Connaître les utilisateurs du
système d’information
25 août 2002
Du point de vue économique,
que nous adoptons ici, le rôle d’une entreprise est de produire des biens et
services utiles à ses clients en rassemblant et organisant de façon efficace
les facteurs de production nécessaires. Cette définition recouvre
aussi bien les activités de l’État, qui fournissent à l’économie des
produits utiles mais non nécessairement marchands (externalités), que les
activités de l’entreprise proprement dite, propriété de ses actionnaires, gérée
par des managers et astreinte à l’équilibre des coûts et recettes.
Parmi les facteurs de
production, on distingue traditionnellement le flux de travail (temps de travail
des salariés) et le capital qui est du travail accumulé, stocké (machines, bâtiments,
réseaux, système d’information).
Évolution historique : de
la mécanisation à l'automatisation
L’évolution de l’économie a
apporté une modification de la nature et du rôle du flux de travail.
Dans
l’industrie mécanisée des années 50, le travail humain servait à réaliser
des tâches répétitives, prédéfinies, mais pour lesquelles l’habileté
manuelle ne pouvait pas être efficacement remplacée par la machine.
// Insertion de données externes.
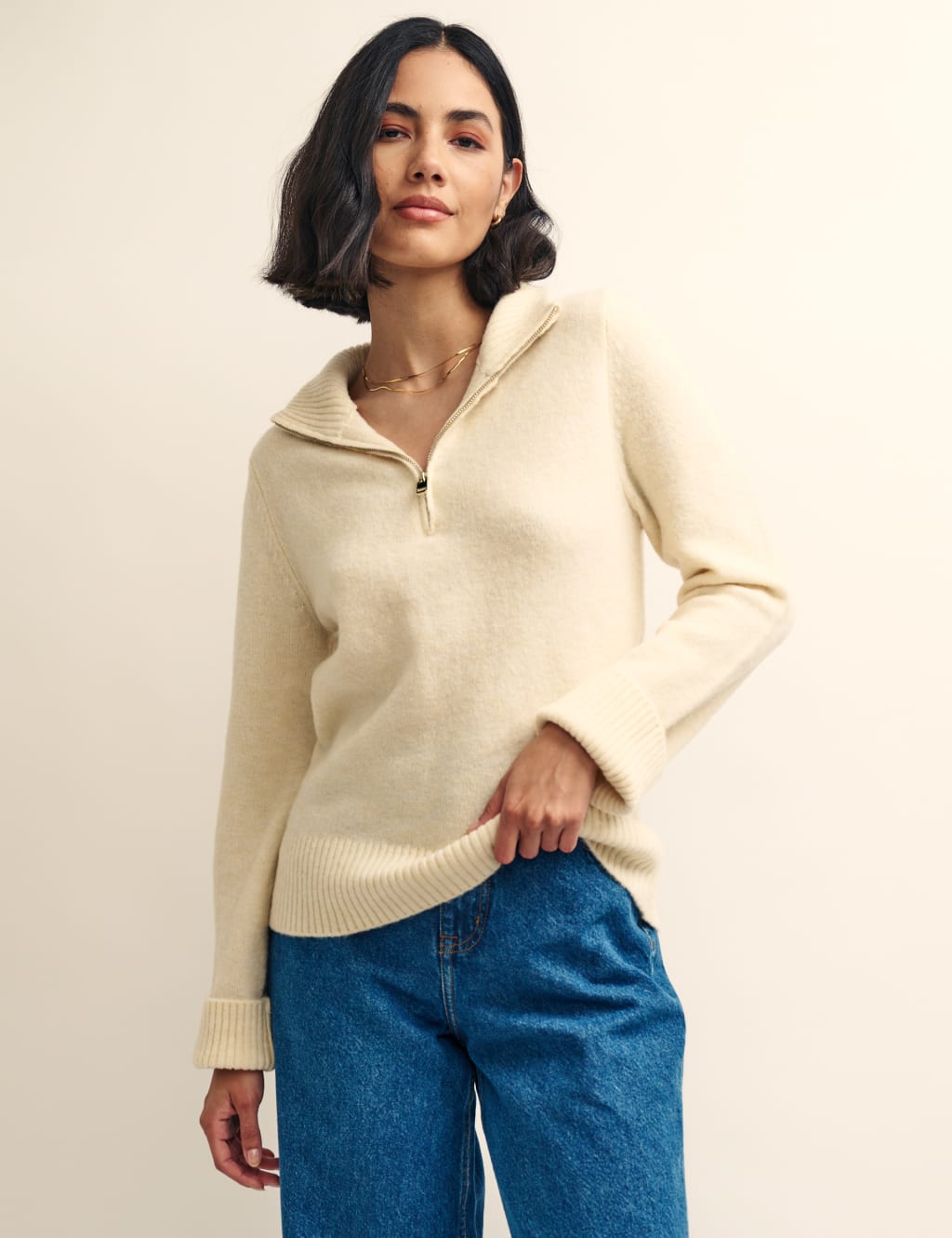 Recycled Blend Funnel Neck Half Zip Jumper image 1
Les compétences
professionnelles nécessaires pouvant s’acquérir en un temps relativement
court, il était possible de considérer la force de travail comme une ressource
indifférenciée qui se mesurait en termes de quantité.
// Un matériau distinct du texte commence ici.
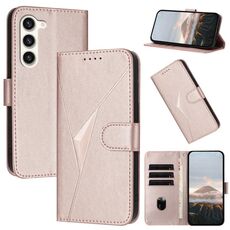 Per Samsung Galaxy S23 5G Custodia in pelle con fibbia a motivo triangolare (oro rosa)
A partir de 1974 l’automatisation des
entreprises et le développement des activités de service ont modifié les conditions de travail. L’essentiel des activités
physiques liées à la production est mécanisé, une bonne part des activités
mentales est automatisée. Les usines emploient peu de personnes. La concurrence
se fait par le biais de l’innovation, de la différenciation des produits. Le
capital est devenu, comme on dit, « immatériel », c’est-à-dire
qu’il comporte pour une part croissante les résultats des travaux de conception
(« design ») réalisés dans l’entreprise : plans, brevets,
logiciels, procédés de fabrication, et aussi circuits de distribution,
organisation de la relation avec les clients, définition de la frontière
d’externalisation, montage de partenariats (ingénierie d’affaires) etc. Par ailleurs, la
diversification des produits a nécessité de donner une importance croissante
aux services qui accompagnent la distribution : livraison et installation,
adaptation sur place, aide au montage, formation des utilisateurs, service après
vente.
L’ensemble de l’économie s’est ainsi « tertiarisé ».
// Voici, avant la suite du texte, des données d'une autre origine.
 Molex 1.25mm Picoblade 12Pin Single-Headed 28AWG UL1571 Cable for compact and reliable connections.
L’entreprise apparaît alors
essentiellement comme une organisation des compétences, qu’il
s’agisse de la compétence pour la conception, la relation avec les clients et
fournisseurs, ou de la compétence pour l’exécution des tâches de production au sens strict.
La compétence individuelle, peu efficace tant que l’individu reste isolé ,
féconde l’organisation et réciproquement (voir "A
propos de la compétence").
Dans l’entreprise ainsi conçue,
le système d’information devient l’actif le plus important : il enregistre
en effet le langage de l’entreprise (puisque celle-ci y dépose les concepts
selon lesquels elle s’organise, segmente sa clientèle et définit ses
produits), stocke les données destinées aux les personnes de l'entreprise et aussi de plus en
plus aux clients et partenaires, et les assiste en réalisant automatiquement
des tâches de classement, recherche, traitement, traduction et communication.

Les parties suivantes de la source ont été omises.